NCLB Rantings

A great injustice to our schools is found in the NCLB act and the
pressure it puts on the schools to improve based solely on a once a year score
and a few other data points. Yes, there is some validity to the scores, yet
these are not authentic assessments tied directly to the curriculum, for that
student and for the content, which he or she has learned that year. The act
does not account for students who have learning gaps. Scores for calculations
are used to devalue teachers efforts in the classroom because students don’t
reach proficiency. The act narrows the number of students to a few compared to
the whole in how achievement is calculated. Therefore, it does not look at the
programs at the school in a comprehensive manner. In fact, I recommend the
accreditation process, conducted by regional associations, be the main way that
schools earn an evaluative score. The accreditation process is thorough
and all-inclusive of much data, it is a collaborative self-observation and followed with a visitor observations.

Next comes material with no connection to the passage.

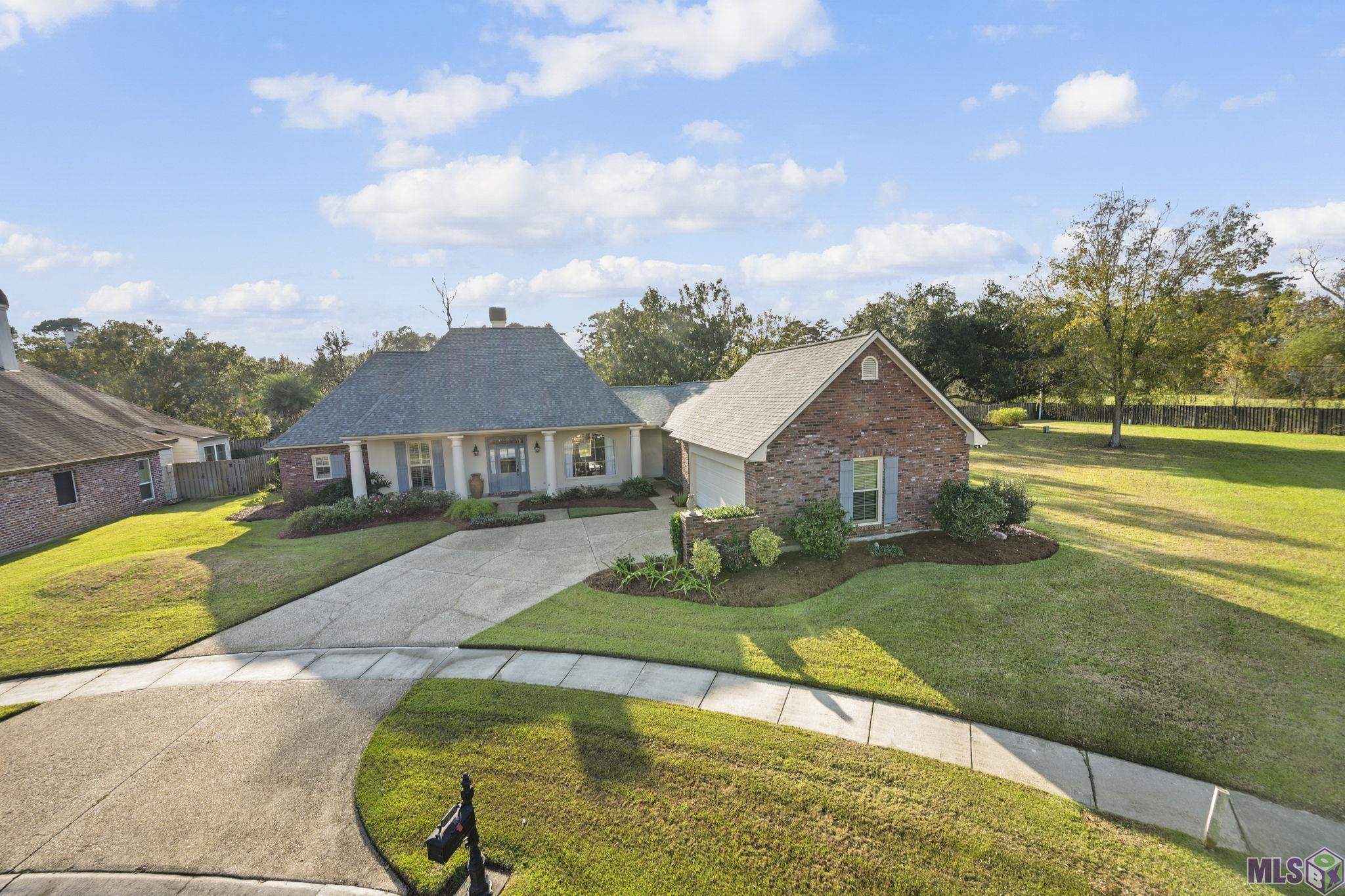 Homes for sale in Baton Rouge, LA | 19110 S Trent Jones Dr, Baton Rouge, LA 70810 | MLS# BR2025021573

When it comes to teacher evaluation, there is no measure of the
hours and hours of classroom work where teachers spend time in
remediation with students on a daily basis. Many of these students are far
behind in the curriculum and yet a teacher must work the miracles to bring them
up to proficiency in the short year or less this teacher has with them.
Additionally, administrators tie teacher evaluations to a one-time proficiency
score.

For high schools, there are other factors, which are significant
injustices and do not address student achievement across the board. For
example, to calculate AYP for our schools, only a cohort of sophomore students
are part of the AYP calculations each year. We can be doing all the right
things for all the students at our school, the other three grades scores can be
through the roof fantastic, yet this does not factor in the calculations.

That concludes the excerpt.